Task statement ::
Copy the data verbatim and leave out every picture.

Information supplied ::
####

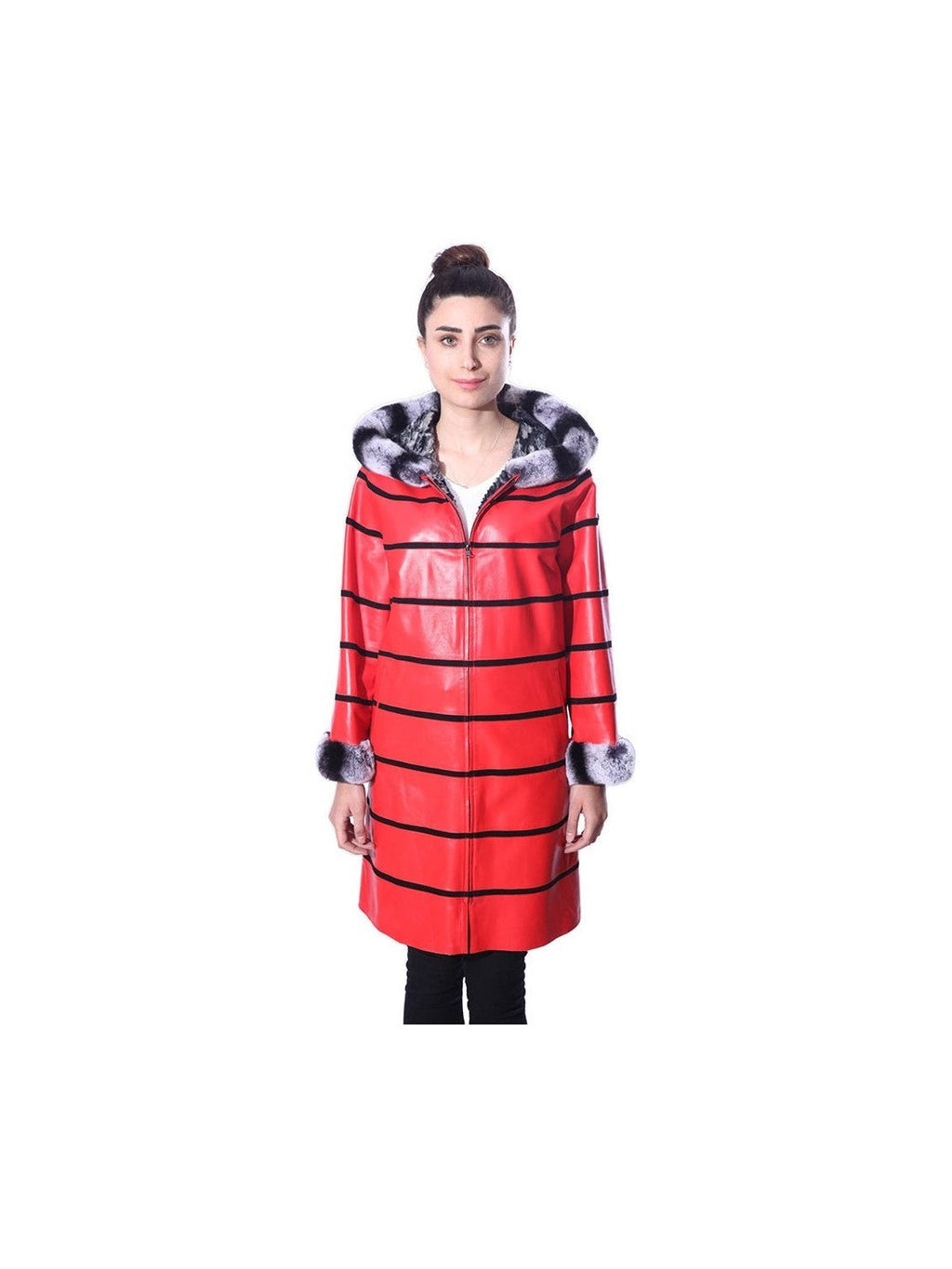 Anna Womens Real Fur Leather Jacket with Hood - Courbe et Compagnie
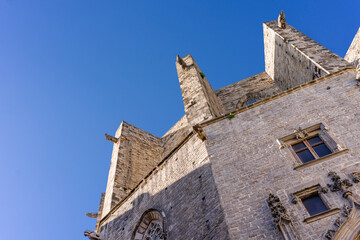 Detail of the facade of Santa Maria del Mar Basilica in Barcelona, Spain. Historic architecture of the landmark of the catalan city.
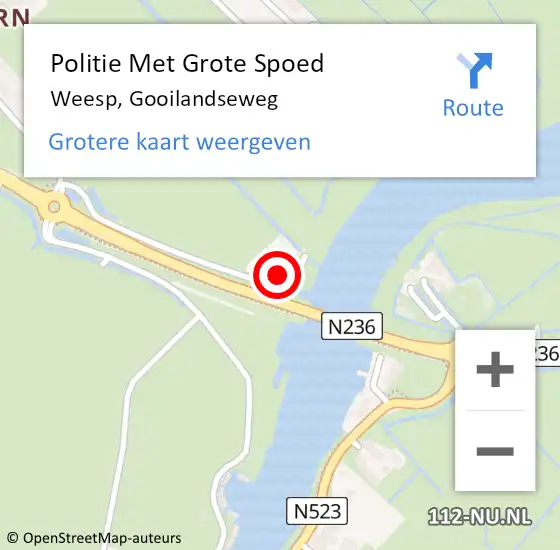 Locatie op kaart van de 112 melding: Politie Met Grote Spoed Naar Weesp, Gooilandseweg op 11 september 2023 17:53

####

Answer space ::
 Anna Womens Real Fur Leather Jacket with Hood - Courbe et Compagnie
 Detail of the facade of Santa Maria del Mar Basilica in Barcelona, Spain. Historic architecture of the landmark of the catalan city.
 Locatie op kaart van de 112 melding: Politie Met Grote Spoed Naar Weesp, Gooilandseweg op 11 september 2023 17:53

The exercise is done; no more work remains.